Frederick McGill v. James C. Parsons
This text of 532 F.2d 484 (Frederick McGill v. James C. Parsons) is published on Counsel Stack Legal Research, covering Court of Appeals for the Fifth Circuit primary law. Counsel Stack provides free access to over 12 million legal documents including statutes, case law, regulations, and constitutions.
Opinion
This is an appeal from an order entered by the Trial Court on June 6, 1975 which vacated a previous order entered March 28, 1975 which certified the suit as a class action and set definite guidelines on how long a person arrested by Birmingham, Alabama police without a warrant may be held before he is accorded a probable cause hearing before a state magistrate. While we share the Trial Court’s reluctance to establish definite time limits beyond which a prisoner cannot be held without being accorded a probable cause hearing, we must nevertheless reverse and remand for we cannot accept the five enumerated reasons which the Trial Court gave for rendering the order (App. 60-62). We further believe the plaintiffs’ class should be entitled to appropriate relief because their complaint falls well within Gerstein v. Pugh, 1975, 420 U.S. 103, 95 S.Ct. 854, 43 L.Ed.2d 54 and our recent decision in Moss v. Weaver, 5 Cir., 1976, 525 F.2d 1258. 1
Facts
Plaintiff-class representative, McGill, was arrested by Birmingham City police without *486 a warrant on a possible charge of assault with intent to murder on July 13,1974. He was placed in the city jail since the county jail normally does not receive city arrestees until a warrant is filed. He was not accorded a probable cause hearing before a state magistrate until about noon of July 16,1974 at which time a warrant did issue and he was subsequently released on $500 bond on July 17, 1974. However, at 8:40 a. m. on July 16, during the time when plaintiff remained incarcerated without a warrant, he instituted suit on behalf of himself and others similarly situated under 42 U.S.C.A. §§ 1981, 1983, 1985, and 1988 alleging that this detainment infringed upon various constitutional rights. As mentioned above, on March 28,1975 the Court entered an order 2 *487 granting the plaintiff the equitable relief sought but on June 6, 1975 vacated that order and it is from the June 6 order that this appeal is taken. 3
Mootness
It is evident from the five enumerated reasons 4 which the trial court gave for *488 vacating its previous order and dismissing the plaintiff’s law suit, that this determination was based on the Trial Court’s belief that the law suit was moot. This was an erroneous conclusion.
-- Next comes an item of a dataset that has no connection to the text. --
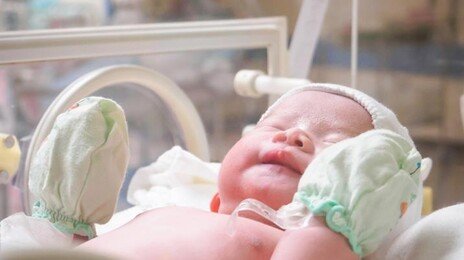 “생존율 1%의 기적”…328g 극초미숙아 191일 만에 집으로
Reasons (1) through (3) of the order indicate that the Trial Court believed that dismissal was appropriate since no further complaints of unreasonable detention of prisoners had come to his attention since he had ordered the county to implement a system of timely probable cause hearings. But this sua sponte conclusion of the Trial Court was unwarranted because the March 28 order (see note 2, supra) did not require the plaintiff to continue to present additional evidence of subsequent infringements of prisoners’ constitutional rights once the injunction was entered. Moreover, there was no opportunity to do so and no request was made by the Court for the presentment of additional evidence. Also there was not an ongoing obligation on the part of the plaintiff to show the continued existence of the class.
The Court went too far too fast. This is not a sufficient basis for the Trial Court’s dismissal of the plaintiff’s law suit without according them a hearing to determine whether the new procedures—whatever they may or may not be—met the Ger-stein requirements. Apparently the Trial Judge was influenced by some new administrative practices initiated by the county (not city) authorities as a result of his initial order (note 2, supra). Just what the practice is, how official or how sufficient it might be is a complete unknown for there is not a stitch of actual facts about it in this record.
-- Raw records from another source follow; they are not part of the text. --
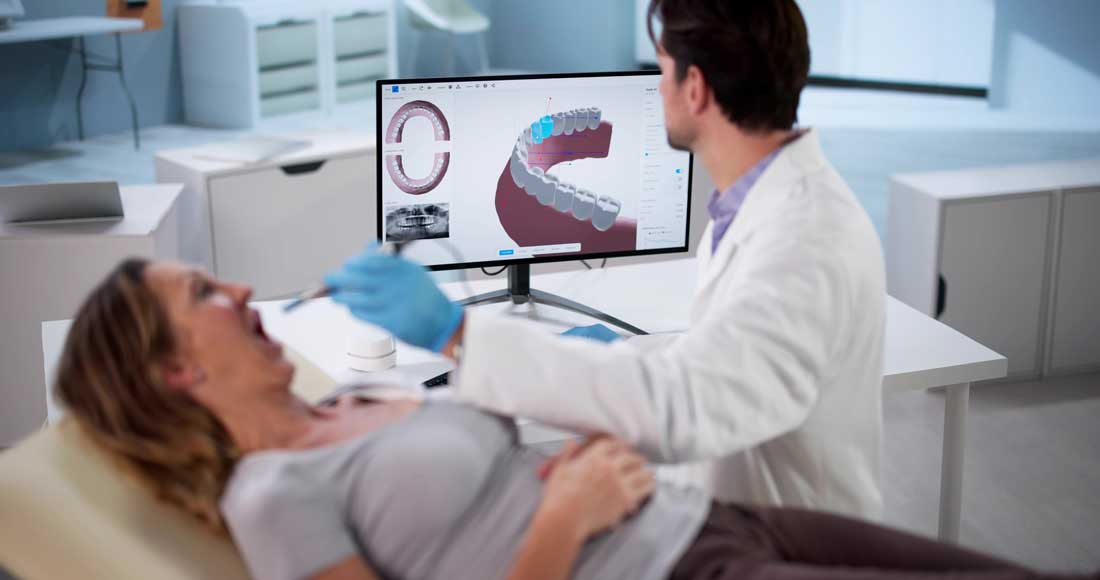 Dental implant 3D scanning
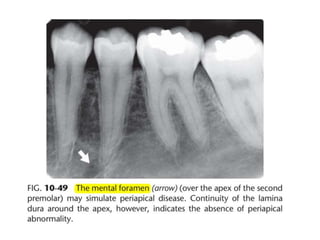 Intraoral radiographic anatomy
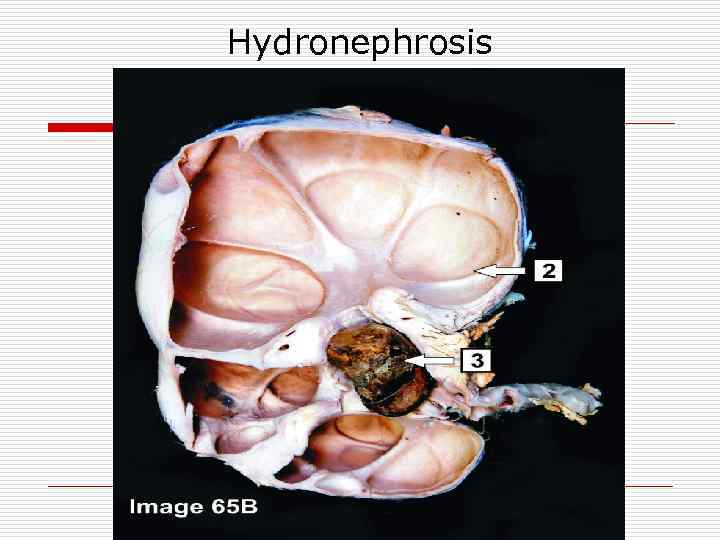 Hydronephrosis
Finally, the Court erred in its fact-law conclusion (reason (5)) that the named plaintiff in the class action, Frederick McGill’s claim was moot presumably because he had been released. Again we rely on Gerstein which held that this sort of claim was an exception to the general rule that when the class representative’s claim is terminated the claim of the class is also moot. The Court made plain that since pretrial detention is by its nature temporary, it was unreasonable to require the named plaintiff’s claim to survive until the time of trial or appeal. Since the pretrial detention which antedates a probable cause hearing will normally be terminated before the litigation process is begun the representative as well as the members of the class suffer repeated deprivations and therefore it would be unjust to deny review. 5
Thus we are at a loss to find any additional record support for the Trial Court’s sua sponte conclusion that the class action should be dismissed and the Plaintiff had somehow become an improper representative in the time period between the Court’s March 28 and June 6 orders. 6
Likewise, we have held that the disposition of the representative’s Title VII claim after the institution of the class action does not moot the class suit. Jenkins *489 v. United Gas Corporation, 5 Cir., 1968, 400 F.2d 28, 29-30. Here, as in Jenkins, we hold that the appropriateness of the class action should be judged at the time the suit is instituted, for as in Goode v. Rizzo, 3 Cir., 1974, 506 F.2d 542, 547 reversed on other grounds, 423 U.S. 362, 373, 96 S.Ct. 598, 605, 46 L.Ed.2d 561, 565 [44 L.W. 4095, 4098 n. 7] the constitutional violations are likely to recur and in any event the named Plaintiff has suffered a wrong arising from his pre-hearing confinement and this claim is not extinguished by his release. See note 5, supra.
Similar mootness issues have arisen in other contexts. For instance, in Dunn v. Blumstein, 1972, 405 U.S. 330, 92 S.Ct. 995, 31 L.Ed.2d 274 the plaintiff challenged the Tennessee durational residency requirements for voting under the Equal Protection Clause. The Court found no mootness problem even though the plaintiff had become eligible to vote by the time the District Court reached his challenge to the durational residency requirements. Similarly, in Roe v. Wade, 1973, 410 U.S. 113, 93 S.Ct.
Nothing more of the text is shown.